The Indian economy is likely to grow at nearly 8 percent in the current fiscal, driven by robust private consumption, which has benefited from lower energy prices and higher real incomes, the PHD Chamber of Commerce said.
“Going ahead, growth in India is projected to notch up to 8 percent in 2016-17. Growth will continue to be driven by private consumption, which has benefited from lower energy prices and higher real incomes,” it said in a statement here.
“Further, with the revival of sentiment and pick-up in industrial activity, a recovery of private investment is expected to strengthen growth in the coming times,” it added.
The chamber estimated that India’s gross domestic product (GDP) share as a global percentage had doubled from 1.43 percent in 2000 to 2.86 percent in 2015.

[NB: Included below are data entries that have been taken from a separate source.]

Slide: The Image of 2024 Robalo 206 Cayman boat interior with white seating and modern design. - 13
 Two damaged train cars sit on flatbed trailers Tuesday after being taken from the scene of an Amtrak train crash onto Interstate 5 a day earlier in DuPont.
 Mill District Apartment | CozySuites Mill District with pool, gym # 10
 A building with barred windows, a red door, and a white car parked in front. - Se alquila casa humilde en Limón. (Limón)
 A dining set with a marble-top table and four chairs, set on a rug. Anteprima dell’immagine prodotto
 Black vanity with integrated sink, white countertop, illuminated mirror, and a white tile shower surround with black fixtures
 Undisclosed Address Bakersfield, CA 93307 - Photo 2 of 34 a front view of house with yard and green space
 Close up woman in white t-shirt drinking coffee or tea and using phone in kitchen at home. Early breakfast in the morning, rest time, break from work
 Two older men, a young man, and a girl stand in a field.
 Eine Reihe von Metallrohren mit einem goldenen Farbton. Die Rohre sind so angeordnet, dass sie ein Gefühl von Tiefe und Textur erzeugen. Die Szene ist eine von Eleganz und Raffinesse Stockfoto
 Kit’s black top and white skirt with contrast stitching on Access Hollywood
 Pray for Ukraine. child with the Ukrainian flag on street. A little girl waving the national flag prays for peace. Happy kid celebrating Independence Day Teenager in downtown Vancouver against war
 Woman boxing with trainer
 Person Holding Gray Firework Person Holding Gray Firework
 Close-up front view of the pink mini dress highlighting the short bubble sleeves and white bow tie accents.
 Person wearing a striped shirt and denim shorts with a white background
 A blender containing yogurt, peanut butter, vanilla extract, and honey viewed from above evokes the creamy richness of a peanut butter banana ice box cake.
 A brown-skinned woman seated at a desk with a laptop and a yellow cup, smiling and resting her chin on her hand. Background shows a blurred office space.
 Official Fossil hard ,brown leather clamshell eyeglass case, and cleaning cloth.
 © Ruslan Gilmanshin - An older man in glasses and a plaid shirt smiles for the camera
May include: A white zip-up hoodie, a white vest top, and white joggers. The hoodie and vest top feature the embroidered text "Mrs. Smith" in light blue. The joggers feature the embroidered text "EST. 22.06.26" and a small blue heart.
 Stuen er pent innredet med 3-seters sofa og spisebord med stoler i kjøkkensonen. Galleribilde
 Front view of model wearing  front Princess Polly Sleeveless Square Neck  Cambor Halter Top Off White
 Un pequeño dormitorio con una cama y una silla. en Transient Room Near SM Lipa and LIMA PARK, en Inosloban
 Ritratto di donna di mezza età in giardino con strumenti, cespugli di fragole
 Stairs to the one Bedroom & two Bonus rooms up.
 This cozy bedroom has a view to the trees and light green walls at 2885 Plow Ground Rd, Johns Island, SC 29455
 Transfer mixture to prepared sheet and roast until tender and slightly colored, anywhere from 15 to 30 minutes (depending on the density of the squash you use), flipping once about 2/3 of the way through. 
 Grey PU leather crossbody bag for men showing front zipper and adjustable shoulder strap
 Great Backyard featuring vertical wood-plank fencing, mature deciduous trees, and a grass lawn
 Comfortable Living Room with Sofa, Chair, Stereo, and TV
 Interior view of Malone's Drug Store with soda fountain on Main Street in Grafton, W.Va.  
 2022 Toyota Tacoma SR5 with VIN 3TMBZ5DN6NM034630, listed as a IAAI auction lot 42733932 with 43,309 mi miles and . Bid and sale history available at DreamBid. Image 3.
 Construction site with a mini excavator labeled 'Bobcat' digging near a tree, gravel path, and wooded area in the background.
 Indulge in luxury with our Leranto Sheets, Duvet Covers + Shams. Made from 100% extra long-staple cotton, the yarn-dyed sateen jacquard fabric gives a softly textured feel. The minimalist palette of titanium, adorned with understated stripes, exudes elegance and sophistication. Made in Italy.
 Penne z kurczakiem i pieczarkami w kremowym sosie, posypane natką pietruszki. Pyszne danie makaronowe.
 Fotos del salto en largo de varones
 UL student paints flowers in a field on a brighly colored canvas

“India’s GDP stood at $477 billion in 2000 and increased to $2,091 billion in the year 2015, showing more than four-fold increase over a period of 15 years,” said PHD Chamber president Mahesh Gupta.
“The BRICS economies (Brazil, Russia, India, China and South Africa) also contributed a significant share in the world GDP which increased from 8.27 percent in 2000 to 22.53 percent in 2015,” he added.
Announcing the Reserve Bank of India’s first monetary policy statement of the fiscal earlier this month when he cut the key interest rate to 6.5 percent, RBI Governor Raghuram Rajan retained its GDP growth projection for 2016-17 at 7.6 percent.
“Given weak private investment in the face of low capacity utilisation, a reduction in the policy rate by 25 bps (basis points) will help strengthen activity and aid the government’s initiatives,” he had said.